→ **WHAT THE EXERCISE ASKS**: Return all the lines below exactly as written. Drop every picture.
═══ SUPPLIED DATA
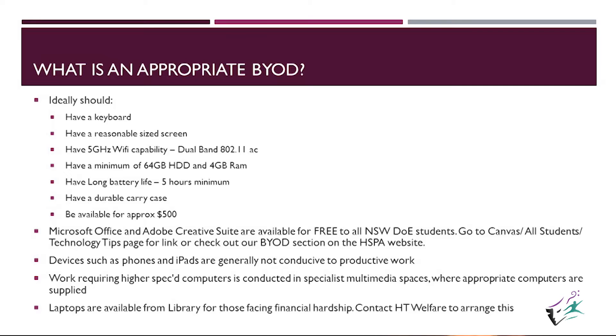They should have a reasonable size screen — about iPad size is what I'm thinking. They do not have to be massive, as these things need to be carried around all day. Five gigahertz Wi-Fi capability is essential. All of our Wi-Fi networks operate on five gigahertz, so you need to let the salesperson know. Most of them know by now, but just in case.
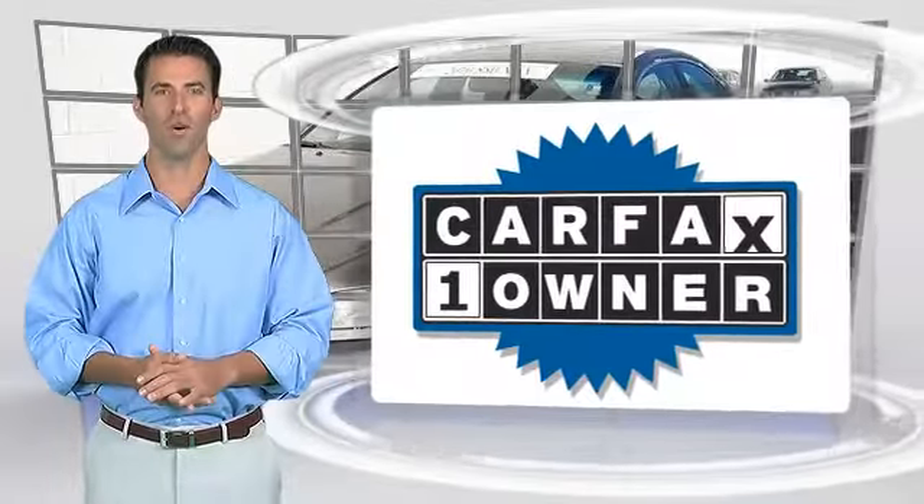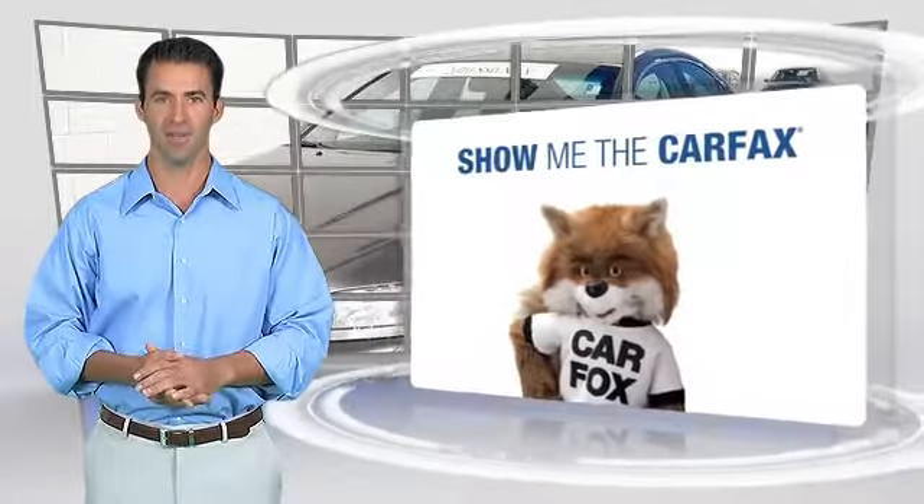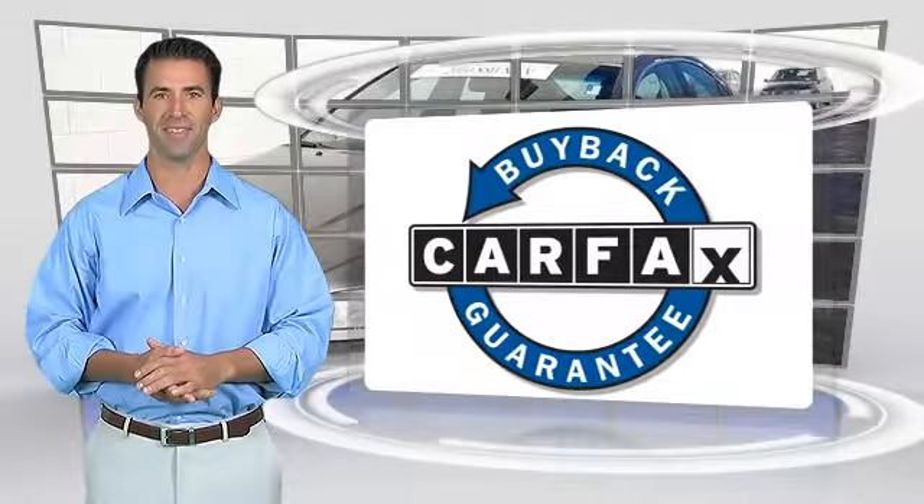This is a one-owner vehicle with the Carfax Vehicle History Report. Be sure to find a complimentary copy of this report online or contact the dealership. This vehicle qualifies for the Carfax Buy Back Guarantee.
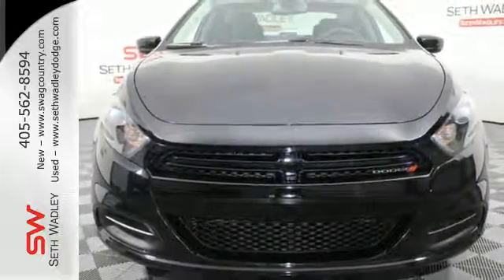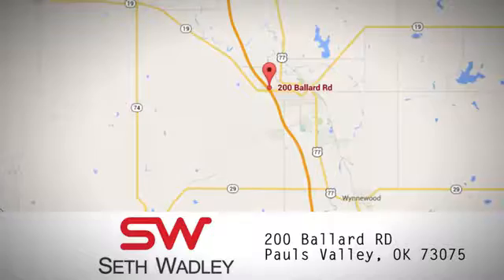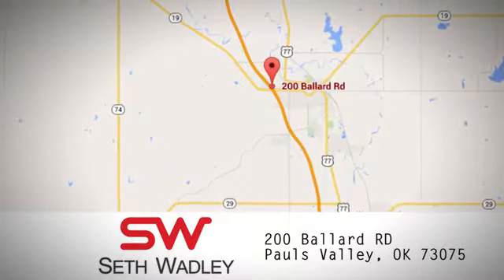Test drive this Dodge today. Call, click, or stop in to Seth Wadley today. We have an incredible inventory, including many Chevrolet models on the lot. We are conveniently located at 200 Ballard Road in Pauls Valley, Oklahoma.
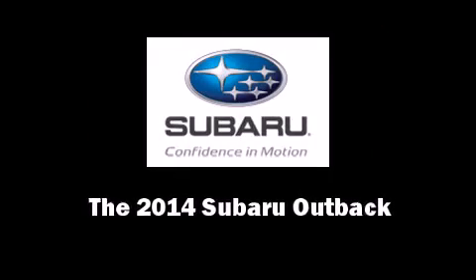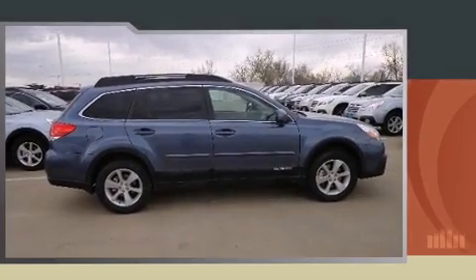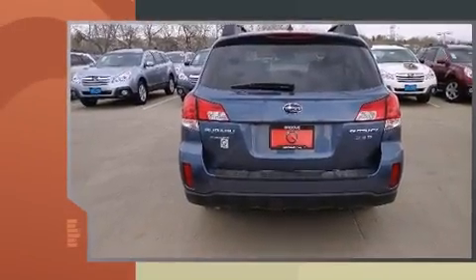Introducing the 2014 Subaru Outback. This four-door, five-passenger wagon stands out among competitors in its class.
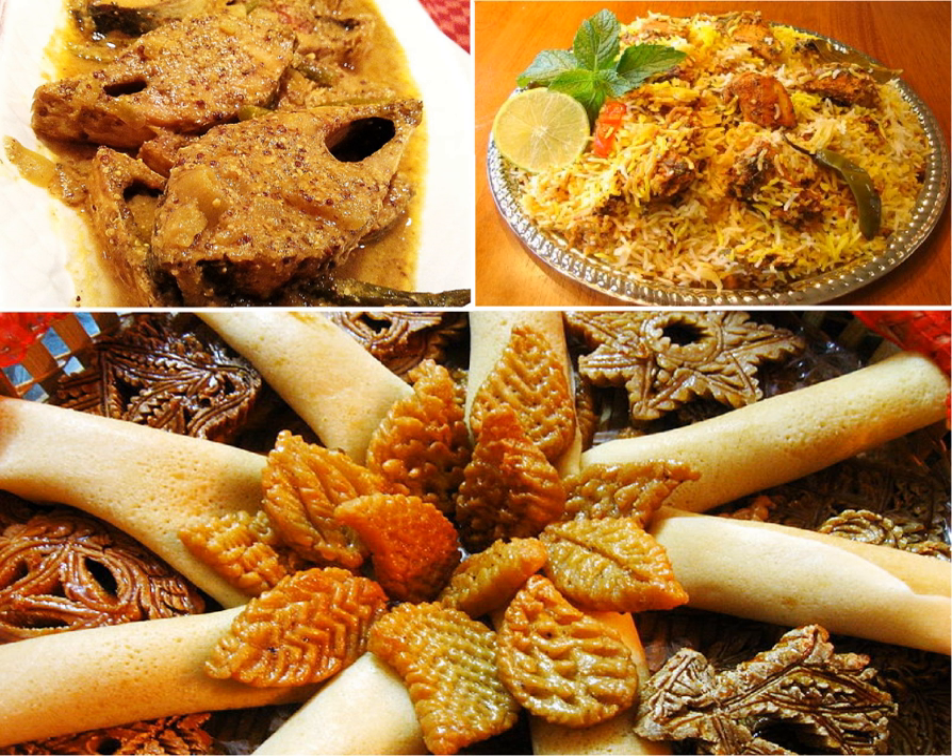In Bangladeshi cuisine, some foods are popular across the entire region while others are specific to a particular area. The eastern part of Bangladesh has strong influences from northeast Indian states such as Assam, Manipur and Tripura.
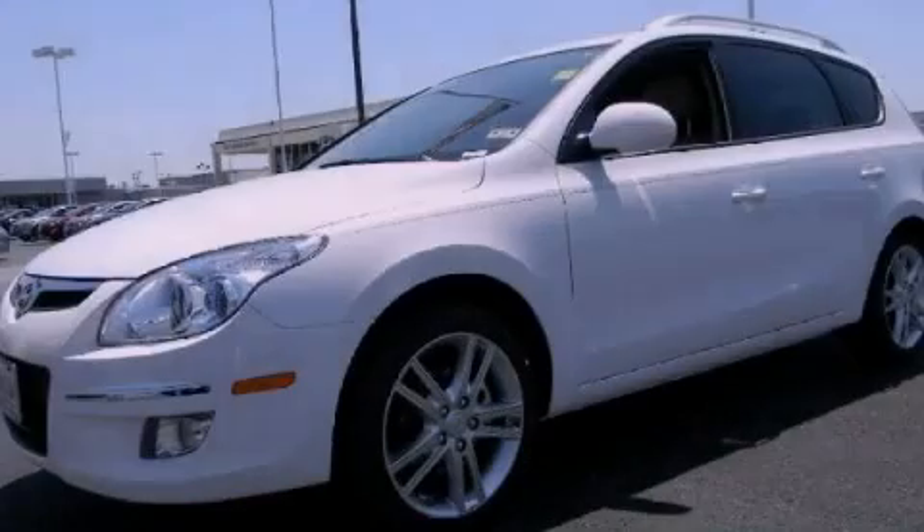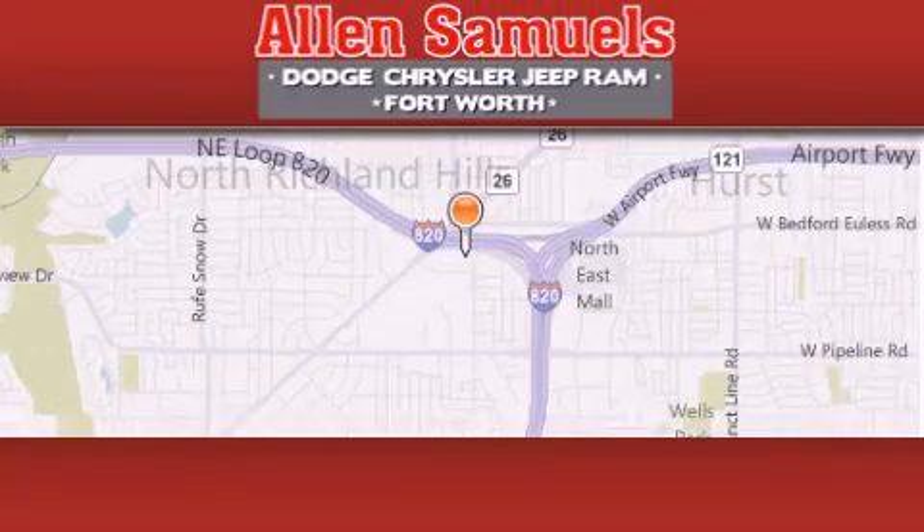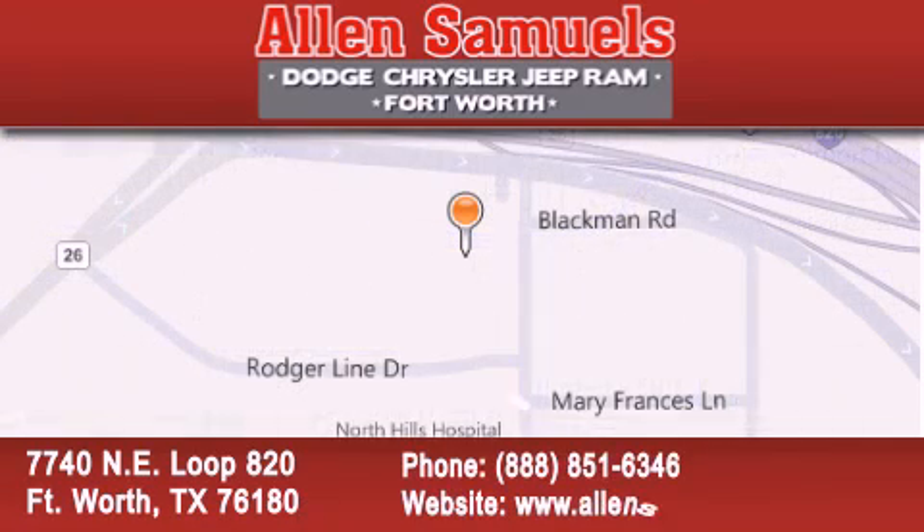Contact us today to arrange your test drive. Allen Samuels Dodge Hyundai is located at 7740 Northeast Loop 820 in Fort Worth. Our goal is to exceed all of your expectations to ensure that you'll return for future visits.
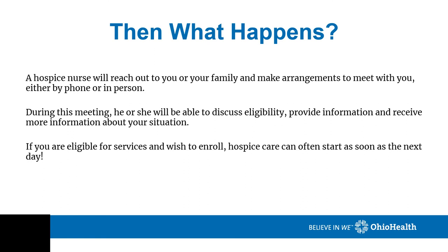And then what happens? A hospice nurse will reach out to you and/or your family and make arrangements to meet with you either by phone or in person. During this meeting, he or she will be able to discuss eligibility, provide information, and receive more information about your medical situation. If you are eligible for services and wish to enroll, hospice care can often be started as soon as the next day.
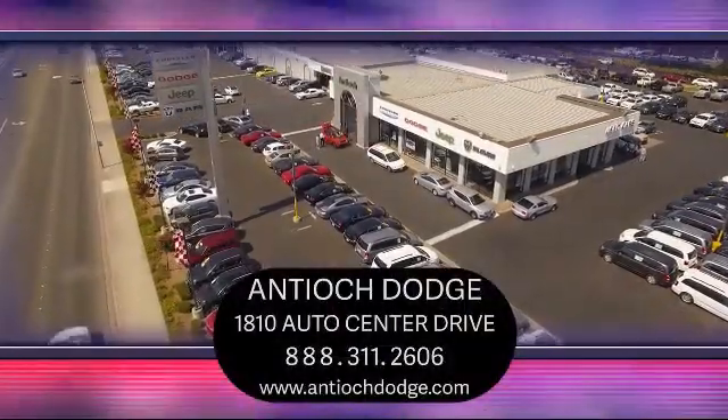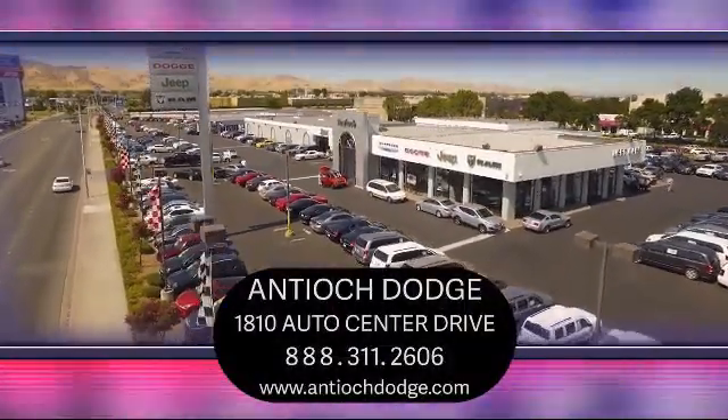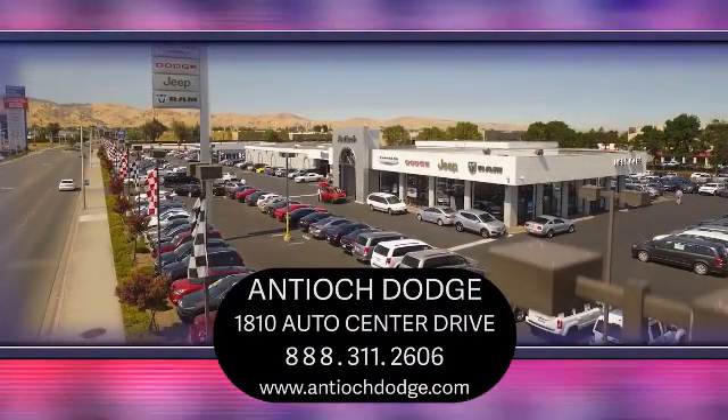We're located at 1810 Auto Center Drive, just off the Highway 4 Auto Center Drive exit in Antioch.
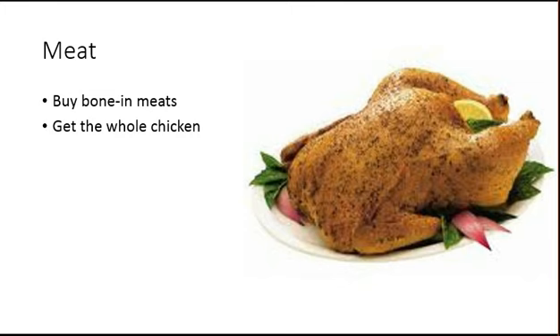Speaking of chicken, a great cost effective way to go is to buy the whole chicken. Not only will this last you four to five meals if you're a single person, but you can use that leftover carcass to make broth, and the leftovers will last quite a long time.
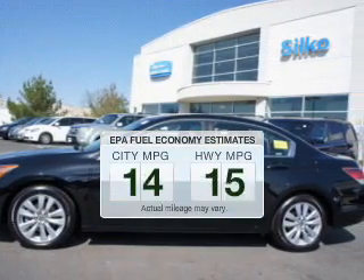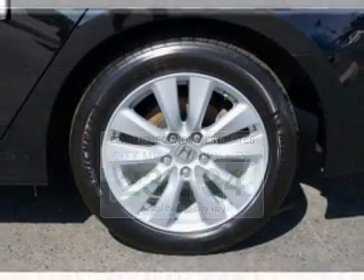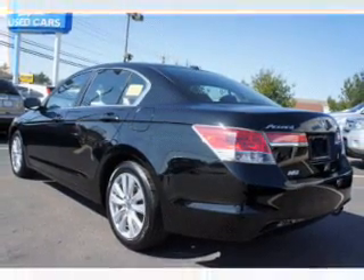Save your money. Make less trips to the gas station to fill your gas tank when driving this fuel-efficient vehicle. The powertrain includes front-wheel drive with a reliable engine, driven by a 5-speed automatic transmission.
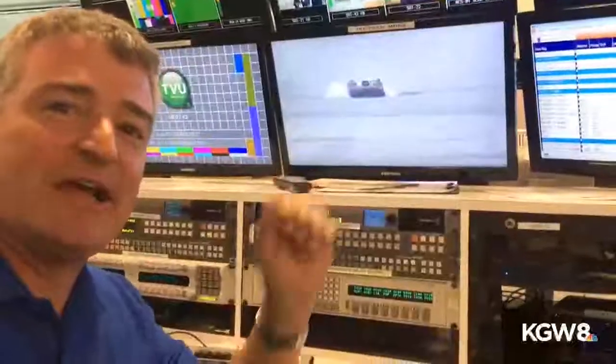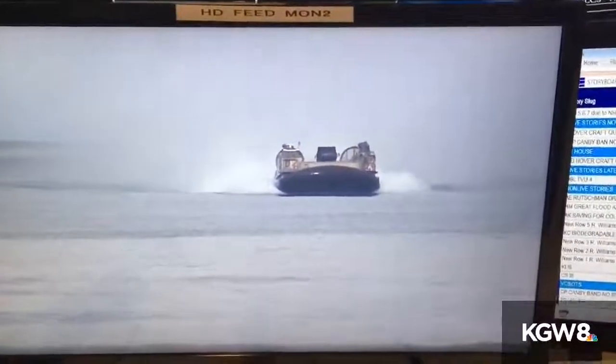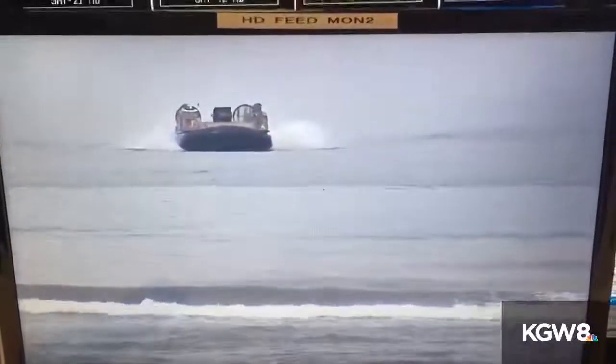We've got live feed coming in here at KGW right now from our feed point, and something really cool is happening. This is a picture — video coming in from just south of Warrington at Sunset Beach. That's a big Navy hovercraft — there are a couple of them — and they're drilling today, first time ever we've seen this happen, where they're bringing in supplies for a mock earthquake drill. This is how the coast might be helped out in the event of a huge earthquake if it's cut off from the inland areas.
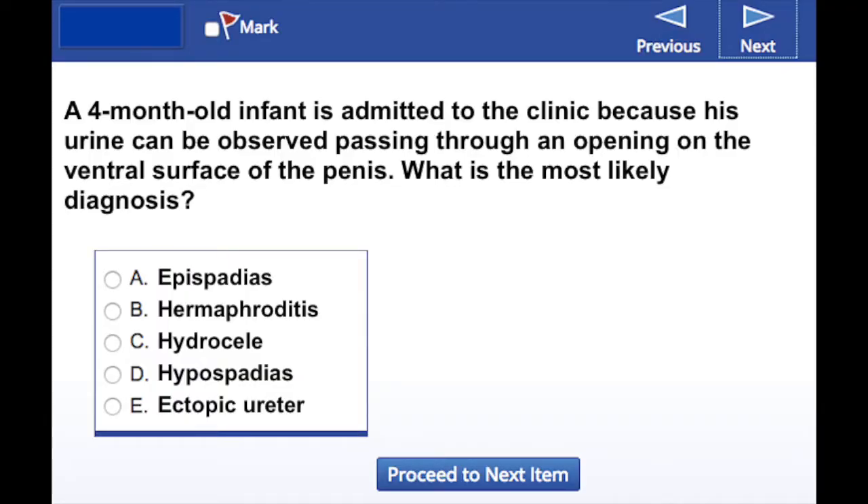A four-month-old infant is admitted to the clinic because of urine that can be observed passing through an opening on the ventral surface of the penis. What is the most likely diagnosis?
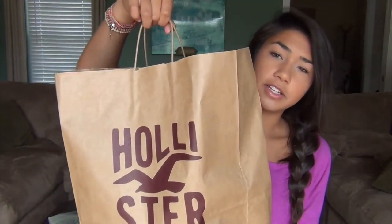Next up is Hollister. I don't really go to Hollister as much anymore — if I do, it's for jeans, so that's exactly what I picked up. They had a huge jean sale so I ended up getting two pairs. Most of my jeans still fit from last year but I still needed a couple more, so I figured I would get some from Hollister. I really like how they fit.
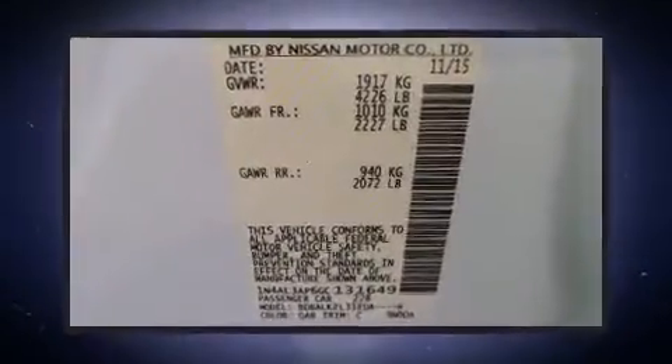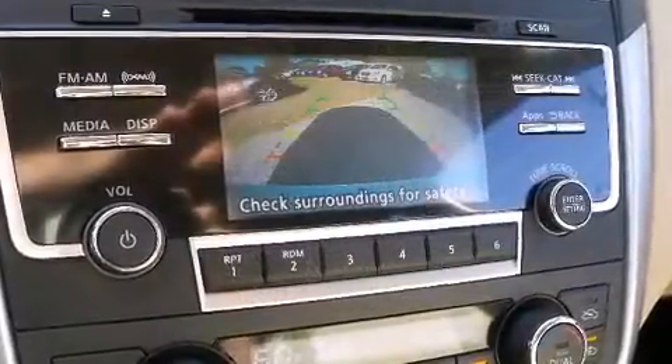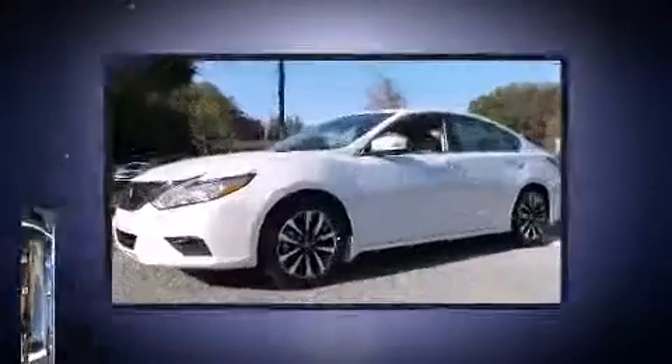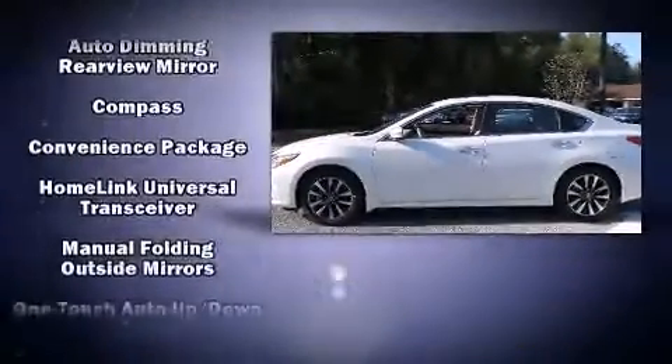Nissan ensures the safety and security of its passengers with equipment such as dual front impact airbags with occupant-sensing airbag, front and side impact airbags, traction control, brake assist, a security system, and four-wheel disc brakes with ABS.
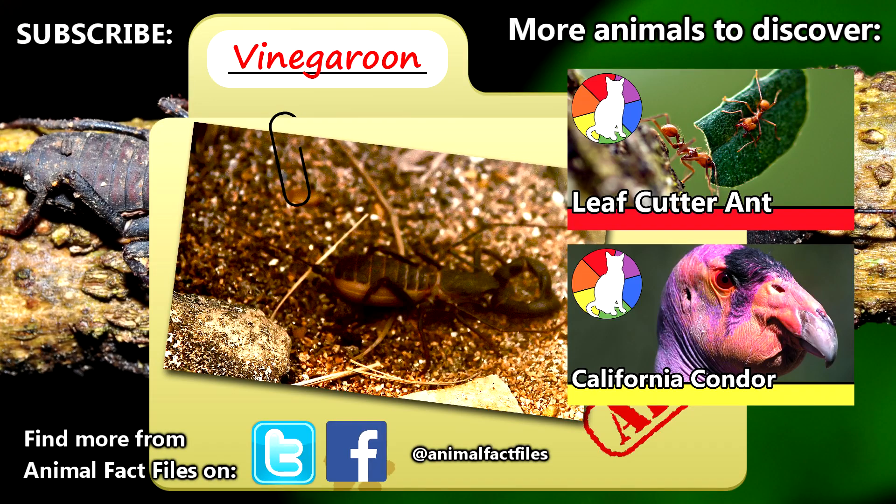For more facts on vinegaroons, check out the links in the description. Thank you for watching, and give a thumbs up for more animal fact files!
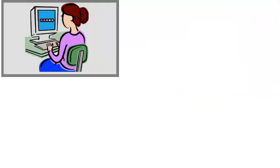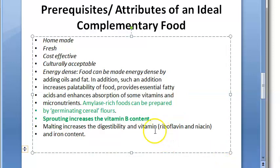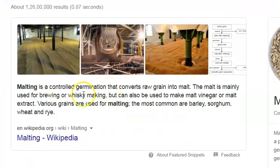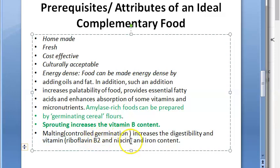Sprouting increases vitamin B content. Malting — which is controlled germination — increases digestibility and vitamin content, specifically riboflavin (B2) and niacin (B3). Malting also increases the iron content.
══════
→ **SOLUTION TO THIS EXERCISE**:
They should have a reasonable size screen — about iPad size is what I'm thinking. They do not have to be massive, as these things need to be carried around all day. Five gigahertz Wi-Fi capability is essential. All of our Wi-Fi networks operate on five gigahertz, so you need to let the salesperson know. Most of them know by now, but just in case.
This is a one-owner vehicle with the Carfax Vehicle History Report. Be sure to find a complimentary copy of this report online or contact the dealership. This vehicle qualifies for the Carfax Buy Back Guarantee.
Test drive this Dodge today. Call, click, or stop in to Seth Wadley today. We have an incredible inventory, including many Chevrolet models on the lot. We are conveniently located at 200 Ballard Road in Pauls Valley, Oklahoma.
Introducing the 2014 Subaru Outback. This four-door, five-passenger wagon stands out among competitors in its class.
In Bangladeshi cuisine, some foods are popular across the entire region while others are specific to a particular area. The eastern part of Bangladesh has strong influences from northeast Indian states such as Assam, Manipur and Tripura.
Contact us today to arrange your test drive. Allen Samuels Dodge Hyundai is located at 7740 Northeast Loop 820 in Fort Worth. Our goal is to exceed all of your expectations to ensure that you'll return for future visits.
And then what happens? A hospice nurse will reach out to you and/or your family and make arrangements to meet with you either by phone or in person. During this meeting, he or she will be able to discuss eligibility, provide information, and receive more information about your medical situation. If you are eligible for services and wish to enroll, hospice care can often be started as soon as the next day.
We're located at 1810 Auto Center Drive, just off the Highway 4 Auto Center Drive exit in Antioch.
Speaking of chicken, a great cost effective way to go is to buy the whole chicken. Not only will this last you four to five meals if you're a single person, but you can use that leftover carcass to make broth, and the leftovers will last quite a long time.
Save your money. Make less trips to the gas station to fill your gas tank when driving this fuel-efficient vehicle. The powertrain includes front-wheel drive with a reliable engine, driven by a 5-speed automatic transmission.
We've got live feed coming in here at KGW right now from our feed point, and something really cool is happening. This is a picture — video coming in from just south of Warrington at Sunset Beach. That's a big Navy hovercraft — there are a couple of them — and they're drilling today, first time ever we've seen this happen, where they're bringing in supplies for a mock earthquake drill. This is how the coast might be helped out in the event of a huge earthquake if it's cut off from the inland areas.
A four-month-old infant is admitted to the clinic because of urine that can be observed passing through an opening on the ventral surface of the penis. What is the most likely diagnosis?
Next up is Hollister. I don't really go to Hollister as much anymore — if I do, it's for jeans, so that's exactly what I picked up. They had a huge jean sale so I ended up getting two pairs. Most of my jeans still fit from last year but I still needed a couple more, so I figured I would get some from Hollister. I really like how they fit.
Nissan ensures the safety and security of its passengers with equipment such as dual front impact airbags with occupant-sensing airbag, front and side impact airbags, traction control, brake assist, a security system, and four-wheel disc brakes with ABS.
For more facts on vinegaroons, check out the links in the description. Thank you for watching, and give a thumbs up for more animal fact files!
Sprouting increases vitamin B content. Malting — which is controlled germination — increases digestibility and vitamin content, specifically riboflavin (B2) and niacin (B3). Malting also increases the iron content.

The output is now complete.